What's the easiest way to generate a good bass line once you know the chords it's got to support?
I'm a sax player and got into generative music on iOS just to get some good backing tracks for my performances. So far I'm using mostly Drambo.
I want to start with a set of chords and spend most my time on the synth pads, but still want to spin up a good bass line to put underneath it without a ton of effort. (Lazy SOB!)
Here's the work flow I'm striving for: 1) Decide on a chord progression, 2) enter the chords into the sequencer in a Drambo clip, 3) send that to a synth (in this case 4Pockets' Copperhead), 4) send the roots of that progression to a second app/synth to get a decent bass line.
Step 4 is where I'm stuck. Can't find a good bass line generator for Drambo. (Reason has Bassline Generator, but I want don't want to get sucked into their closed-garden, monthly subscription $$ environment.)
I have tried using the Arp module...ran into some complications which I'm about to document in another posting.
Yesterday I found this video where LoganJacob spun up a very usable bass line using Axon 2: https://youtu.be/IflJ9IX9UkI. But it dwells on single root note, i.e., a single chord...I want to move it around to three other chords. So far controlling the root note is proving to be a science project. Maybe it's not quite the right tool for my use case??
Given this context, what's the easiest way to identify four chords and get back a decent bass line when using Drambo or any other polyphonic sequencer?
Comments
The easiest way would be to add in your chords where you need them,
when you’re happy with the chord progression,
copy the chord progression to another track and to delete everything except for the root notes.
Extend out the note lengths and add an ARP module.
For generative stuff I often use the following :
MIDI Chance module at a fairly low setting, so note(s) only rarely get picked from your chords; followed by MIDI Latch module (depending on your chords); followed by ARP module to play the picked note(s) in certain order; and either another Chance module with a fairly high setting to ‘skip a note’ here and there, or controlling the frequency of the ARP by an external clock (Clock generator + Bernoulli gate) to ‘skin a step’
Also just for the sake of it I like to occasionally insert foreign notes by offsetting random notes with MIDI transpose module, but that can be undesirable in many genres :)
Bassline is more about groove than about notes
what's important is when to play a note and when not to play a note. ;)
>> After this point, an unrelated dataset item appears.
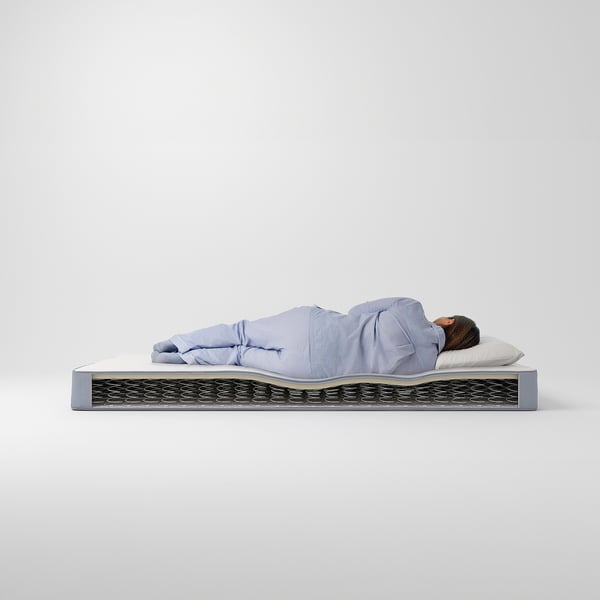VESTMARKA Sprung mattress, extra firm/light blue, 90x200 cm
it doesn't really matter what notes you play ...
think rhythm not melody
+1
hehe
yes things start to bore the hell out you if everything is always nice 😴
thats why im against all these scale things
in the end it makes very streamlined music, no happy accidents because you played the "wrong" notes (that was interesting, do that again)
its all the same soup
...
...
+1
Not sure if you're looking for drambo only solutions, but I have used Rozetta Bassline and Audiomodern's Riffer with great success for generative basslines.
More tweaking with Riffer but also more rewarding.
Riffer also gets my vote. Much more control than Rozetta Bassline.